Em contrapartida, o casal de autores defende no livro o conceito de cama compartilhada, uma das práticas comuns dos adeptos da teoria do apego. “Não são apenas tribos da África ou da Ásia que dormem com seus filhos. Os seres humanos têm feito isso no mundo todo pelos últimos 2 mil anos”, diz Robert. Os antropólogos argumentam que boa parte do cansaço relatado pelos pais, sobretudo nos primeiros meses de vida do bebê, é justificado por esse arranjo em que filhos e pais dormem em camas separadas. Ainda assim, foi uma prática disseminada em boa parte das sociedades ocidentais.

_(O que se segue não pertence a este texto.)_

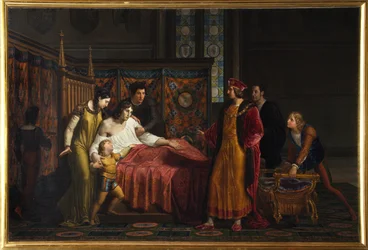 Charles VIII visitant le mourant Gian Galeazzo Sforza au château de Pavie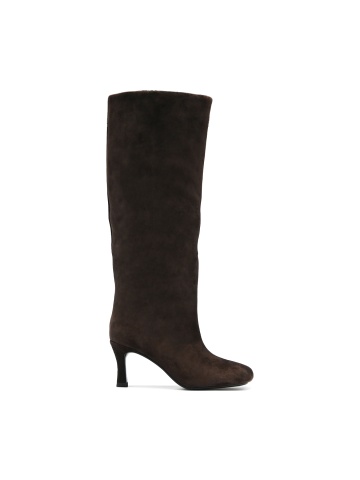 WOMEN'S ELEGANT BOOTS MADE OF NATURAL SUEDE IN BROWN WITH SQUARE TOE AND HIGH HEEL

A ideia do livro se resume em saber enxergar outras realidades sem um olhar viciado, entendendo como diferentes formas de cuidar adquirem sentido naquele determinado contexto. Quem sabe assim será possível desenvolver um olhar mais leve e tolerante ao encarar as próprias decisões. Pais e mães podem – e devem – dar o seu melhor. Mas crianças são criadas para (e pelo) o mundo. E é ao mundo que elas precisam se adaptar.
Mais liberdade, menos pressão
Aceitar que você não tem 100% de controle sobre a criação dos seus filhos é um desafio e tanto. “Quando se vive em uma sociedade em que todos creem naquele mesmo paradigma, é difícil acreditar em algo diferente”, diz a antropóloga. Mesmo que no Sudeste Asiático seja comum uma criança de 5 anos cuidar sozinha do irmão mais novo, o pai ou a mãe que permitir isso nos Estados Unidos ou no Brasil provavelmente será processado por negligência – e ainda será condenado por amigos e familiares. Esse é um exemplo extremo, é claro. Mas a questão é: estamos tão acostumados a agir de tal forma, pautados por nossa cultura e geração, que não nos damos conta de que isso também nos impõe limites de atuação como pais.
Como agir, então? De acordo com os autores, eles devem se comportar mais como sponsors, ou seja, patrocinadores, incentivadores dos filhos, em vez de assumirem toda a responsabilidade pelo seu desenvolvimento. É claro que crianças pequenas precisam de cuidados reais e práticos, como dar banho e comida e colocar para dormir. Isso é imprescindível por um tempo. Mas, segundo o casal, é essencial que os pais as ajudem a alcançar seus próprios objetivos, sem ditá-los, e também sem assumir as responsabilidades por suas frustrações e insucessos. “Entender que temos apenas uma quantidade de opções limitadas para ajudar nossos filhos é, de certa forma, um alívio. Ao nos colocar no papel de mentores, deixamos de assumir que a criança se tornará um reflexo daquilo que somos ou que esperamos que ela se torne”, afirma Robert.
Por isso, o principal conselho dos antropólogos para os pais americanos – e que também serve aos brasileiros – é: re-la-xe! Não é porque vai fazer uma viagem sozinho com seu companheiro que seus filhos vão se sentir abandonados e carentes pelo resto da vida. Assim como não é porque você pega o bebê no colo a cada choro que ele não vai aprender a andar com as próprias pernas ou ficar mimado. É muito carinho? É pouco carinho? É rigidez demais? Ou de menos? Não há uma resposta certa. E independente de como você agir, esteja certo de que seu filho vai entrar em contato com outros exemplos, outras formas de se comportar e pensar ao longo da vida – seja na escola, entre amigos, seja dentro da própria família.